反射的に体を反らしていなかったら、右腕が宙を舞っていただろう。
「は?…ちょっと、何…これ!」
アンジェラの狼狽した声がする。
まさしく腕一本伸ばした距離。
アンジェラの人間の手がリンネの首を掴んでいた。
「っ…」
(腕、折られた…)
首を掴まれたまま、リンネは右腕から飛び出してしまった骨を自覚する。
少し遅れて、アンジェラの前足で右腕を折られたのだと解った。
「このっ…離しなさいよ!」
焦るアンジェラの声を無視して、彼の手はリンネの細い首をギリギリと締め上げる。
(さっきの仕返しかな…、やられた方法でやり返すなんて…いやらし…い。)
リンネの目の前が赤く、黒く点滅する。
「リンネっ!リンネ!お願い逃げて!」
「……」
「リンネ!これはアタシじゃない…、アタシに!貴女を殺させないで!」
遠く聞こえる悲痛な声と、点滅する視界の中でアンジェラの泣き出しそうな顔が見えた。
(そうだね、これは……アンジーじゃない。)
リンネは一瞬迷った。儀式的に自分が躊躇してることを自覚する。
そして、その感情に蓋をした。
例えばそれは、恐ろしいものから子供の視界を手で優しく覆って閉ざすように。
そして、決意する。
(…聞き届けた。)
静かに沈むように、リンネは応えた。
次の瞬間、リンネは首を視点に両足を振り上げ、アンジェラの腕に絡ませ、自身の体を思いっきり仰け反った。
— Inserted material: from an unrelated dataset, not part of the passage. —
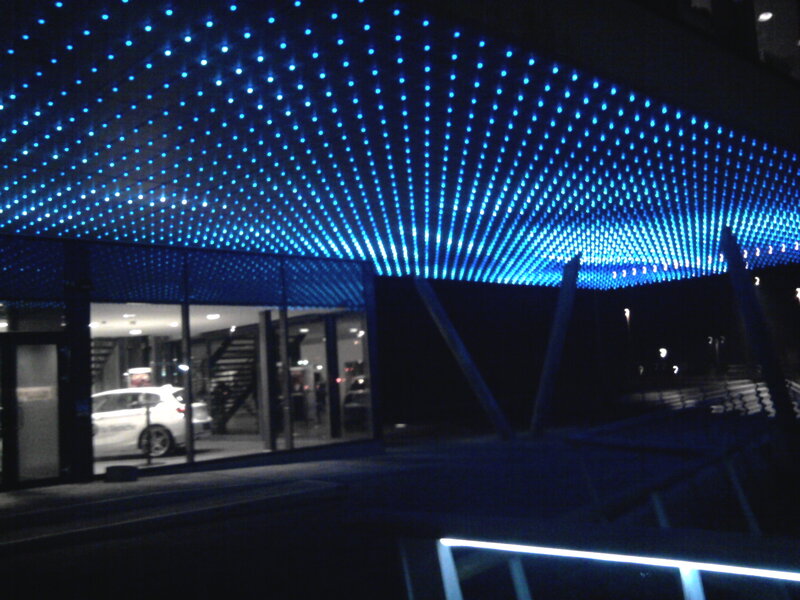Blue-lit Building Facade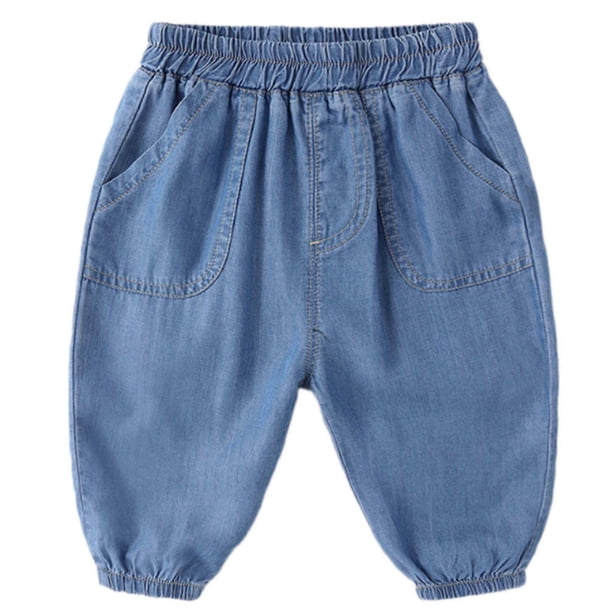 Summer Stretchy Jeans Pants For Boys Fly Resistant Pants Flexible Waist Comfortable Everyday Wear Light blue 90cm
あり得ない動きをしたかと思うと、緩んだ手から逃れる。
「あはっ!無駄なのにガンバるわね、アンジェラ!」
アンジェラの口が、再び不快な声を紡ぐ。
しかし、軽口は続かなかった。
開いた二つの口に、クナイがそれぞれ刺さり、アンジェラの顎を、殴られたような衝撃が襲う。
「へ、何で…?両腕潰してンのよ?」
呟いてる間に一本、アンジェラの右肩にクナイが突き刺さった。
正確に神経を射抜いたクナイのせいで、アンジェラの右腕は力なくだらりと下がる。
視界の端に、人の体がこんなに曲がるのかと思うほど、身を屈めたリンネは、腰の忍ばせたクナイを口で引き抜いていた。
咥えたクナイを再び身体を躍動させて放つ。
クナイはアンジェラの左肩に突き刺さり、左腕もだらりと下がる。
「…両腕が使えないくらいで、私が使えないと思わないでほしい。」
リンネは毅然と言い切った。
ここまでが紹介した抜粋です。